Levels of abstraction and the Turing test

An important lesson that philosophy can learn from the Turing test and computer science more generally concerns the careful use of the method of levels of abstraction (LoAs). The purpose of this paper is to summarize the method and apply it to the paper, modelling and analysis of phenomenological and conceptual systems showing its principal features and main advantages.

The constituents of the method are “observables”, collected together and moderated by predicates restraining their “behaviour”. The resulting collection of sets of observables is called a “gradient of abstractions” (GoAs) and it formalises the minimum consistency conditions that the chosen abstractions must satisfy. Two useful kinds of GoA – disjoint and nested – are identified. It is then argued that in any discrete (as distinct from analogue) domain of discourse, a complex phenomenon may be explicated in terms of simple approximations organised together in a GoAs. Thus, the method replaces, for discrete disciplines, the differential and integral calculus, which form the basis for understanding the complex analogue phenomena of science and engineering.
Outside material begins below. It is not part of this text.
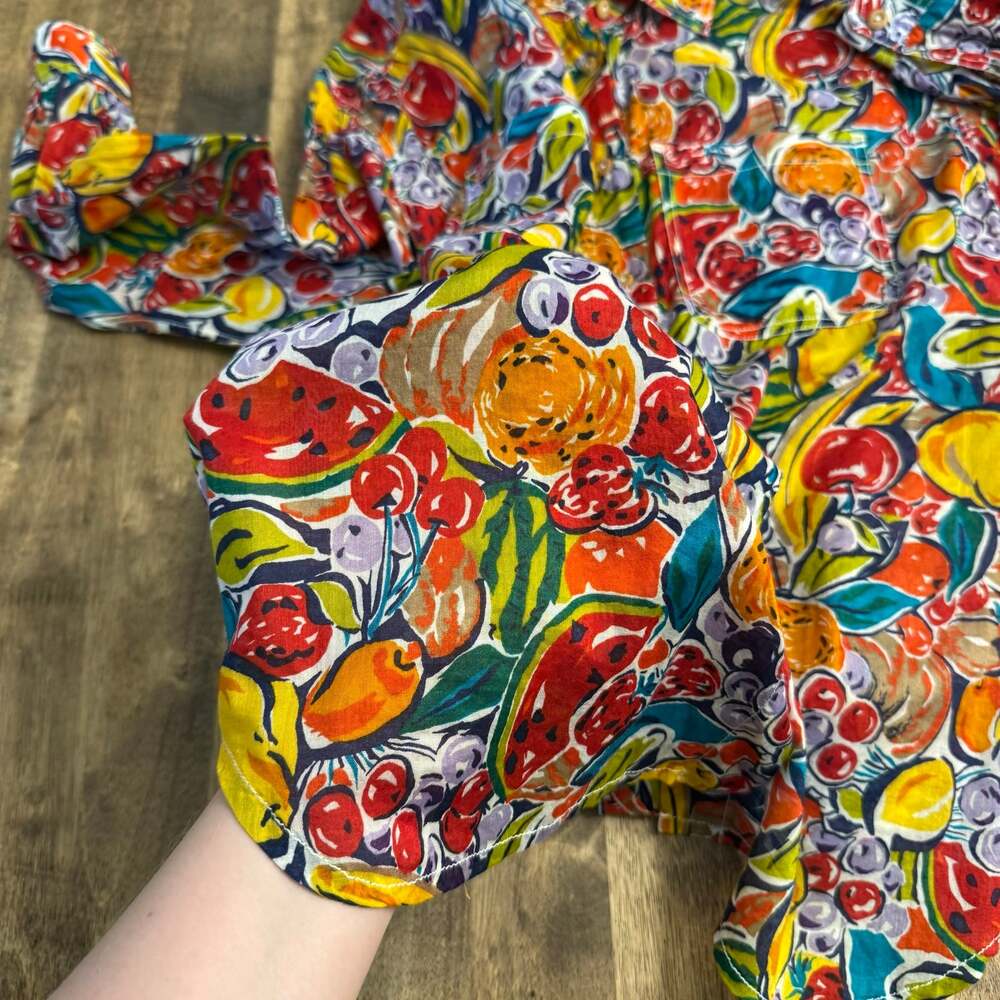 VTG LizWear Fruit All Over Print Button Front Shirt 100% Cotton Petite Medium - Picture 6 of 9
The result formalises an approach that is rather common in computer science but has hitherto found little application in philosophy. So the philosophical value of the method is demonstrated by showing how making the LoA of discourse explicit can be fruitful for phenomenological and conceptual analysis. To this end, the method is applied to the Turing test, the concept of agenthood, the definition of emergence, the notion of artificial life, quantum observation and decidable observation.

This paper applies the method of abstraction to the paper, modelling and analysis of phenomenological and conceptual systems showing its principal features and main advantages. It is hoped that this treatment will promote the use of the method in certain areas of the humanities and especially in philosophy.